The forecast for Boulder County’s version of the Hell of the North is sunny and dry with a high of 63.
That’s not exactly the hellish type of weather that’s usually associated with the Paris-Roubaix, the European race that inspired the Boulder-Roubaix. Spectators watch the Paris-Roubaix bike race, known as the Hell of the North, to see who goes down on the rain-slicked cobblestones on the backroads of northern France, said cycling coach Frank Overton.
“Paris-Roubaix, it’s like our NASCAR,” Overton said, with a chuckle. “We watch it for the crashes.”
But last weekend, Overton’s FasCat Coaching hosted a (hopefully) reassuring recon ride for area cyclists interested in riding the Boulder-Roubaix, which takes place on Saturday on a mix of dirt and paved roads north of the Boulder Reservoir.
Some cyclists are a little nervous about the race, he said, because so much of it is on dirt rather than pavement (race organizer Chris Grealish, of DBC Events, said the course is about 45 percent dirt, 55 percent pavement). But for others, the Boulder-Roubaix is an exciting early-season race.

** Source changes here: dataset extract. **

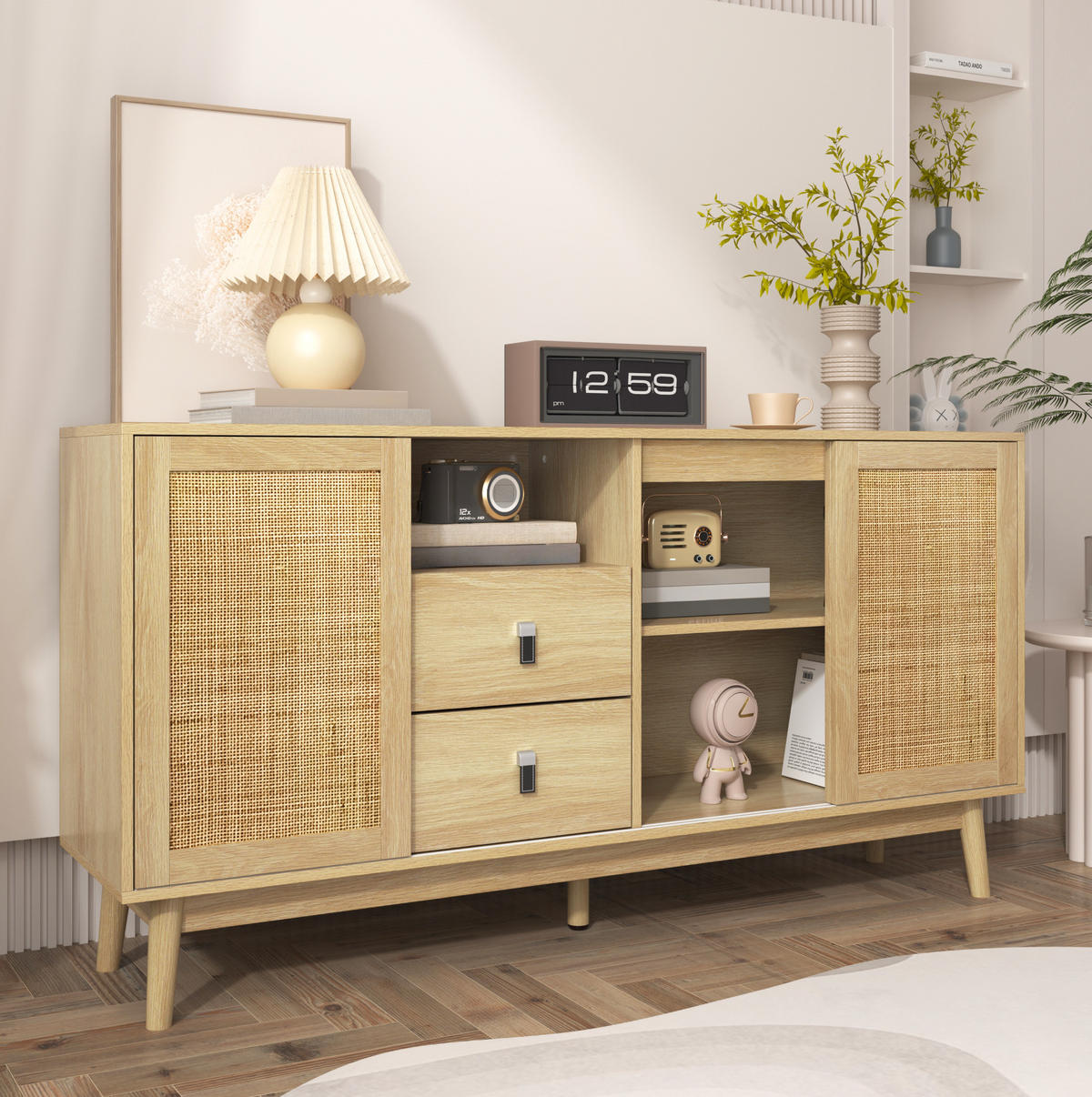 SIDEBOARD 155/38/80 cm Holzfarbe aus MDF mit Rattan-Schiebetüren - Naturfarben, Holzwerkstoff (155/80/38cm) - OKWISH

“This race has been around for many, many years, and it’s almost like the unofficial city road-race championships, because it’s one of the few road races we have close to Boulder,” Overton said. “Everyone comes out, it’s the beginning of the season, everyone wants to strut their stuff — it’s very competitive.”
The local race started in 1992 with an 8-mile loop on the dirt north of the reservoir, Grealish said.
Last spring, the race moved to Weld County — Grealish christened it the Mead-Roubaix. The Boulder race is expensive to put on, he said, so DBC had decided to only run it every other year. However, he said, he tricked himself into thinking his every-other-year rule didn’t count for a race in Weld County. (Mead will still host a race by the same name this year, on April 22.)
“The police alone are in excess of $5,000, and that’s just one line item,” Grealish said of the Boulder race. “Our sponsors are generous and support us in so many ways, but ultimately, we survive by the registration.”
While the route doesn’t have the traditional, gnarly cobblestones of the European race, Grealish said, right now, the roads are in great shape for racing a road bike.
“There’s lots of sections with potholes, but it’s not sandy,” he said. “It’ll provide people with that rough road race experience without a lot of pinch flats, we hope.”